Wuppertals marodes Polizeigebäude: Sanierungsstreit eskaliert um 325 Millionen Euro
Ariane HolzapfelWuppertals marodes Polizeigebäude: Sanierungsstreit eskaliert um 325 Millionen Euro
Jahrealter Streit um Sanierung des maroden Wuppertaler Polizeikomplexes nimmt neue Wendung
Ein seit Langem schwelender Konflikt um die Sanierung des verfallenen Polizeigebäudes in Wuppertal hat eine unerwartete Entwicklung genommen. Zwischen dem Innenministerium und der Landesbetrieb Bau- und Liegenschaftsmanagement (BLB) Nordrhein-Westfalen gibt es Streit über Kosten, drastische Mietsteigerungen und mangelnde Transparenz. Nach monatelangen Kontroversen wurde nun zwar das geplante Sanierungsbudget gekürzt – doch Fragen zu früheren Zusagen und finanziellen Entscheidungen bleiben offen.

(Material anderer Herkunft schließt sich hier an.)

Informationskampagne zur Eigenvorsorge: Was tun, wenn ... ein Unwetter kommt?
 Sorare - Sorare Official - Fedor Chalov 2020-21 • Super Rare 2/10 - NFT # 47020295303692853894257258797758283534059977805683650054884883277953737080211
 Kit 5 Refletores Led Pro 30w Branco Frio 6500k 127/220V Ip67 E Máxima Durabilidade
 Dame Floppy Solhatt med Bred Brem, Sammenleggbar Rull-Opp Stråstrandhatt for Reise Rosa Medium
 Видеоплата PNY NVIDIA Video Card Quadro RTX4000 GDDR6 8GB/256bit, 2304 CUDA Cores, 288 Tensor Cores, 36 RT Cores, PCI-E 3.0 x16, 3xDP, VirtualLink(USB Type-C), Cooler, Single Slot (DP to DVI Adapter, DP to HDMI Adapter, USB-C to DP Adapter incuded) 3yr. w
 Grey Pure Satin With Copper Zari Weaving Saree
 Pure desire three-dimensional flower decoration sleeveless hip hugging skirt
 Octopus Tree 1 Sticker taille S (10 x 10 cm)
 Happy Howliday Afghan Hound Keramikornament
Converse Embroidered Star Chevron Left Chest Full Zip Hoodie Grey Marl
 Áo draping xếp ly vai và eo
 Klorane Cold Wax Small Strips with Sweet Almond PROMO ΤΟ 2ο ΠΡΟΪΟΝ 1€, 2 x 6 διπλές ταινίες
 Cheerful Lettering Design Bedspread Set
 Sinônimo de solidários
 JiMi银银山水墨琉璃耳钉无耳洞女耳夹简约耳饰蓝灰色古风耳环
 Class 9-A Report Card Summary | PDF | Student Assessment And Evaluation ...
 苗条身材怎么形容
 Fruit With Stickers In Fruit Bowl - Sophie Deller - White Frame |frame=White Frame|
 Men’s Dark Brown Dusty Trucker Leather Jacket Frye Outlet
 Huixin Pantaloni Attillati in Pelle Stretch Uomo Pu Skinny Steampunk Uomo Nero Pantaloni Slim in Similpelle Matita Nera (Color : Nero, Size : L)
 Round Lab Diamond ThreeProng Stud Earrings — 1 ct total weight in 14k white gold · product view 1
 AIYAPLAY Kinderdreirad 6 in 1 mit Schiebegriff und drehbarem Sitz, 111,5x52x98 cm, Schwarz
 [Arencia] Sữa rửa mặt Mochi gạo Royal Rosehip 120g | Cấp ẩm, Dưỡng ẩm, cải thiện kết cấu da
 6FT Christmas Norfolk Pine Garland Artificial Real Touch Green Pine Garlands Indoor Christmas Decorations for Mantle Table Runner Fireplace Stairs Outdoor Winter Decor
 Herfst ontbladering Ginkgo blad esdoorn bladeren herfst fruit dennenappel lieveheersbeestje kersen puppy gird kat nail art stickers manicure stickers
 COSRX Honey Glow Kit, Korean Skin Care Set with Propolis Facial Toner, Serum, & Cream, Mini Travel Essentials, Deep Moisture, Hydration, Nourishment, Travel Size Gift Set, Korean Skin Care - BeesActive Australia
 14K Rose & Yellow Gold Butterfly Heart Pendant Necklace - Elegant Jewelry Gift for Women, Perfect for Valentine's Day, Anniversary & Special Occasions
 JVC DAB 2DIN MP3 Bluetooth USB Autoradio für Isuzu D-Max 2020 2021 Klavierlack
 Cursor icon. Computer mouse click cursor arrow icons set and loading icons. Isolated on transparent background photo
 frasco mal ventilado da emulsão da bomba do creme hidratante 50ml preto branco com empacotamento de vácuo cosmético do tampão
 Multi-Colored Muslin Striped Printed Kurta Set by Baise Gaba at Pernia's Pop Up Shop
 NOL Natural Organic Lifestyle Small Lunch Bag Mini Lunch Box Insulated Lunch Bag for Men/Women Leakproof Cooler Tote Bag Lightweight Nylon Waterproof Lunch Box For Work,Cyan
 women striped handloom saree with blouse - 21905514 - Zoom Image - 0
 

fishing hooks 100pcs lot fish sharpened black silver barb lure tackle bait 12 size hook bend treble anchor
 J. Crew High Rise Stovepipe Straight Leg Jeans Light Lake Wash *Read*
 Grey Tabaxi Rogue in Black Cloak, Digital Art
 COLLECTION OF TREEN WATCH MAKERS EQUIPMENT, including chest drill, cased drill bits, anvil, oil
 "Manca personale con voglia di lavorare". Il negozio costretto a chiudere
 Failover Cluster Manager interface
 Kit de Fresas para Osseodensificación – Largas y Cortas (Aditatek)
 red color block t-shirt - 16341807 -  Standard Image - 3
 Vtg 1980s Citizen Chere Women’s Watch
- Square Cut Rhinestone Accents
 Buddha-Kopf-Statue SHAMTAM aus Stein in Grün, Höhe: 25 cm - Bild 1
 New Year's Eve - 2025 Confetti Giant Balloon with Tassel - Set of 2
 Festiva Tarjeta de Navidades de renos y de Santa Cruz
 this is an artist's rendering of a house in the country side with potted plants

Das Polizeigebäude an der Müngstener Straße leidet seit Jahren unter schwerer Vernachlässigung. Beamte mussten wiederholt mit Legionärskrankheits-Ausbrüchen, Asbestbelastung, defekten Duschen und Abwasser-Rückstau kämpfen. Heizungsausfälle machten Teile des Gebäudes unbenutzbar und zwangen zu dringenden Reparaturforderungen.
Die Sanierungspläne gerieten ins Stocken, als die BLB zunächst eine Jahresmiete von 30 Millionen Euro nach der Modernisierung forderte – fast das Achtfache der derzeitigen 4 Millionen Euro, die die Polizei zahlt. Das Innenministerium widersetzte sich mit der Begründung, die Forderung sei unbegründet. Eine rechtliche Prüfung begrenzte die zulässigen Sanierungskosten später auf 173 Millionen Euro, doch Innenminister Herbert Reul wurde vorgeworfen, informell bis zu 650 Millionen Euro zugesagt zu haben – ein Vorwurf, der die Vorwürfe finanzieller Fehlsteuerung anheizte.
Im Januar lenkte die BLB ein und stimmte einer Mietsenkung um 36 Prozent zu, rückwirkend zum Jahresbeginn. Gleichzeitig wurde die Kostenschätzung für die Sanierung auf 325 Millionen Euro reduziert – immer noch deutlich über den ursprünglichen Planungen des Ministeriums. Reul und Finanzminister Markus Opdendrenk unterzeichneten eine Absichtserklärung, um höhere künftige Mieten und Reparaturen abzusichern, doch der Schritt löste intern Empörung aus. Ein hoher Beamter reichte eine Beschwerde beim Rechnungshof ein, und die Staatsanwaltschaft wurde über den Mietsteigerungsvorschlag informiert.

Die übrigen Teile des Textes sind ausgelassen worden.